> _MATERIAL PROVIDED_

◆ ◆ ◆

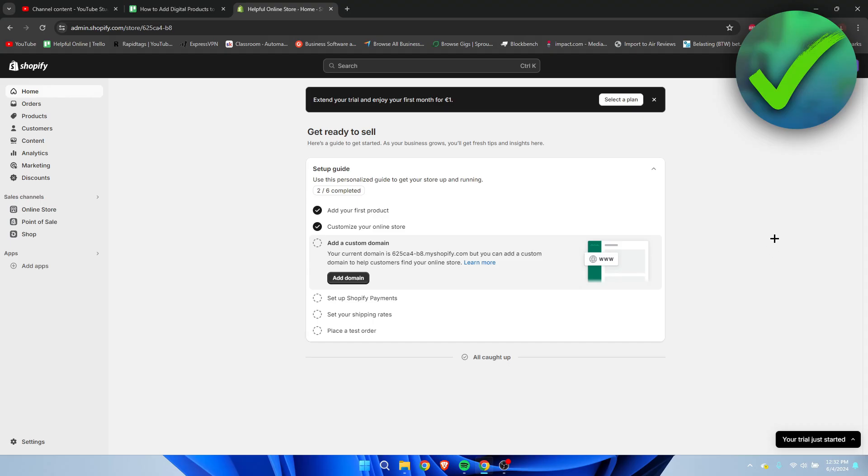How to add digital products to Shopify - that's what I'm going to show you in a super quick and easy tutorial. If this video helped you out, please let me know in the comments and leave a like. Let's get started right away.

◆ ◆ ◆

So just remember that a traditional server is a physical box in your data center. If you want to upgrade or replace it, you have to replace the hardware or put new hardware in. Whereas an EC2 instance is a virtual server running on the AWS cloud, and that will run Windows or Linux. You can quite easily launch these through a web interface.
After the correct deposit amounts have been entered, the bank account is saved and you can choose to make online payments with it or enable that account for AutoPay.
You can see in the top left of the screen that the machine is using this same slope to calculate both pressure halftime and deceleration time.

◆ ◆ ◆

The entries above hold a line with "After the correct" and a later line with "You can see". Write out exactly those lines and all lines between, nothing more.

After the correct deposit amounts have been entered, the bank account is saved and you can choose to make online payments with it or enable that account for AutoPay.
You can see in the top left of the screen that the machine is using this same slope to calculate both pressure halftime and deceleration time.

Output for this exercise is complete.